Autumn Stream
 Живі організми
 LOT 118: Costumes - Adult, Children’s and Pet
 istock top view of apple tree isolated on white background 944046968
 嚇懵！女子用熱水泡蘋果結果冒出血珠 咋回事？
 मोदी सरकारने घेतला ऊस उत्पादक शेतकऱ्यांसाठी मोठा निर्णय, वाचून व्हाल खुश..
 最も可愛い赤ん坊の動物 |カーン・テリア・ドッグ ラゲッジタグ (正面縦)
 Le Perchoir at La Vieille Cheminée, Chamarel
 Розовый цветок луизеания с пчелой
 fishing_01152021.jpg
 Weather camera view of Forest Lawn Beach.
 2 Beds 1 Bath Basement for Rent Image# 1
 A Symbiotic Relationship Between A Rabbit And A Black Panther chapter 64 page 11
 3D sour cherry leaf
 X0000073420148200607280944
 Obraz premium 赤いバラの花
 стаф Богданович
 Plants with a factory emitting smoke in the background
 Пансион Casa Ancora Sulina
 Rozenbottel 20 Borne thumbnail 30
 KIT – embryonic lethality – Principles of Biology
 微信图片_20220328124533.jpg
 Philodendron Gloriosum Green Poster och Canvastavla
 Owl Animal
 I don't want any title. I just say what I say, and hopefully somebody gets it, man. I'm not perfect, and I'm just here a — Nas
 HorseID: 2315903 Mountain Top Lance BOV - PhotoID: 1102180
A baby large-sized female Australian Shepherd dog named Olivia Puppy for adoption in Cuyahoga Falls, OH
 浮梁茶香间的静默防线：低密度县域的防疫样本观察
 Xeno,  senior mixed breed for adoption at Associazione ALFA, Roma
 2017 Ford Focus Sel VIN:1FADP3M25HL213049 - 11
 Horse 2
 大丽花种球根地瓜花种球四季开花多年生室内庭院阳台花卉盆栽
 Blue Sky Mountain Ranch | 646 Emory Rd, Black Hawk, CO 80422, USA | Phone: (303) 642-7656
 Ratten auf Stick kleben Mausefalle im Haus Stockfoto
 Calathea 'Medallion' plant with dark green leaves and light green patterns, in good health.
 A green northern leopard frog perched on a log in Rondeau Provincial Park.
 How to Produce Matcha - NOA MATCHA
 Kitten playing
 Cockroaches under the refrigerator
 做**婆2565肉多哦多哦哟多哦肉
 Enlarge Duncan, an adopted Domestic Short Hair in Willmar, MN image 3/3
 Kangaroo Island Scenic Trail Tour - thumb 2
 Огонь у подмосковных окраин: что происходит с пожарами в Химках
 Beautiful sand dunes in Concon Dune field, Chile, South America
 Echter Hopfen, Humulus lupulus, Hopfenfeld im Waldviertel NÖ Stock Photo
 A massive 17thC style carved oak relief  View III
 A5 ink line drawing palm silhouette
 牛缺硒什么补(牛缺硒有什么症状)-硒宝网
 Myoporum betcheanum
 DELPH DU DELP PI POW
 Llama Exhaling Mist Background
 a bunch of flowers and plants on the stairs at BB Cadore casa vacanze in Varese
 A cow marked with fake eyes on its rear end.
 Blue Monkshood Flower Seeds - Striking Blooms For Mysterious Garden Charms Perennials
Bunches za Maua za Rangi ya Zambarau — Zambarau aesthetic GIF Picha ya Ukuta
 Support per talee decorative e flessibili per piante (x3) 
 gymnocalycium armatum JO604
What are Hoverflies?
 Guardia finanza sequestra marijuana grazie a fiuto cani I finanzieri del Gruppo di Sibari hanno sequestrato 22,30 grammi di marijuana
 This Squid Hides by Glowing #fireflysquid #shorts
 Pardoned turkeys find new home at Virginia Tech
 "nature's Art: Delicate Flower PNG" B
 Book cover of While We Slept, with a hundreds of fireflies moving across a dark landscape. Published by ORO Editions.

__________

> What to produce:
The answer must consist of each line from the entries that contains the string "Mountain".

> Answer to the exercise:
 HorseID: 2315903 Mountain Top Lance BOV - PhotoID: 1102180
 Blue Sky Mountain Ranch | 646 Emory Rd, Black Hawk, CO 80422, USA | Phone: (303) 642-7656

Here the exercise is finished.